Druid Lookups introspect keys and values endpoints do not return valid JSON
Description
While analyzing the Lookup features of druid, I noticed that the keys and values endpoints for lookups do not return valid JSON.
https://druid.apache.org/docs/latest/querying/lookups#introspect-a-lookup
Example response:
"[20416, 20404, 20415, 02F440, 02F461, 20420, 02F402, 02F480, 20408, 20409, 20410, 20412, 20402, 02F421, 02F420, 20601, 02F601, 02F620, VODAFONE, CLARO]

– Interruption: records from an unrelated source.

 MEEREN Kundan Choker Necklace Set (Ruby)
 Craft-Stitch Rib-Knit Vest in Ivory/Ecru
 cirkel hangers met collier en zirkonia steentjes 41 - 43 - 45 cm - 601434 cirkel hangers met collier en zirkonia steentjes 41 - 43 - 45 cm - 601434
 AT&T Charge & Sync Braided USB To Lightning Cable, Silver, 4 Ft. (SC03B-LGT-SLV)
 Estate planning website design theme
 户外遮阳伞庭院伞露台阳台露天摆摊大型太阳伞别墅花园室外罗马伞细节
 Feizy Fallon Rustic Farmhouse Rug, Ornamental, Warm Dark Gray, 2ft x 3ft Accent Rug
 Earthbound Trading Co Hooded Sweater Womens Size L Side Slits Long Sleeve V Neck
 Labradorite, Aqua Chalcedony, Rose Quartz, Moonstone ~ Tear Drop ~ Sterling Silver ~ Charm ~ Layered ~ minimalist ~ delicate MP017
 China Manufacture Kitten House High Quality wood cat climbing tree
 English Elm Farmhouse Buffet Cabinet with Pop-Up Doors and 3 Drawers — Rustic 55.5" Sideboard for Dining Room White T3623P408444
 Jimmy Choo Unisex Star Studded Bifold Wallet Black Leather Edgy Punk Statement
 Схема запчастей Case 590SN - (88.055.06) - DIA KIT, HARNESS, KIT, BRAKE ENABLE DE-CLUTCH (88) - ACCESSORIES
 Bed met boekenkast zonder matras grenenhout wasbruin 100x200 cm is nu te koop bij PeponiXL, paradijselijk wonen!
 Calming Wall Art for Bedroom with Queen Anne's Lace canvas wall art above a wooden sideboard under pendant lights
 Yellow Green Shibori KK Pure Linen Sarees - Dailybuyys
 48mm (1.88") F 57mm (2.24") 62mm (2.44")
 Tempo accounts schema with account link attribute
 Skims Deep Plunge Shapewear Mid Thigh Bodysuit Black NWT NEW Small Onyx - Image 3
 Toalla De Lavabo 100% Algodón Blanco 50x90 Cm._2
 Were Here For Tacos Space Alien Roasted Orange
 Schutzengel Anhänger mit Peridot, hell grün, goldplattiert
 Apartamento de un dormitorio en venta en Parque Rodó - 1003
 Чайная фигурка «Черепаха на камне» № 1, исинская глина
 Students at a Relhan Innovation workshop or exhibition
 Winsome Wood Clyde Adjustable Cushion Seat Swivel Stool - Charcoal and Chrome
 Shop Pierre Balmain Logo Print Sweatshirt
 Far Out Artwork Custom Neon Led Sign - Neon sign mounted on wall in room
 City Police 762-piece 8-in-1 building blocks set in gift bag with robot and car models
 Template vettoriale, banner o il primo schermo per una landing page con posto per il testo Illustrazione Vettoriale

It seems that all keys or values are just joined with , and wrapped between two square brackets.
Finally, the documentation seems incorrect on this page: https://druid.apache.org/docs/latest/querying/lookups-cached-global/#introspection
It states:
Introspection to / returns the entire map. Introspection to /version returns the version indicator for the lookup.
However, /version does not seem to work and returns an 404.
Motivation
For as far as I know, all API endpoints return valid JSON. However, the introspect keys and values do not. This is incorrect in my opinion.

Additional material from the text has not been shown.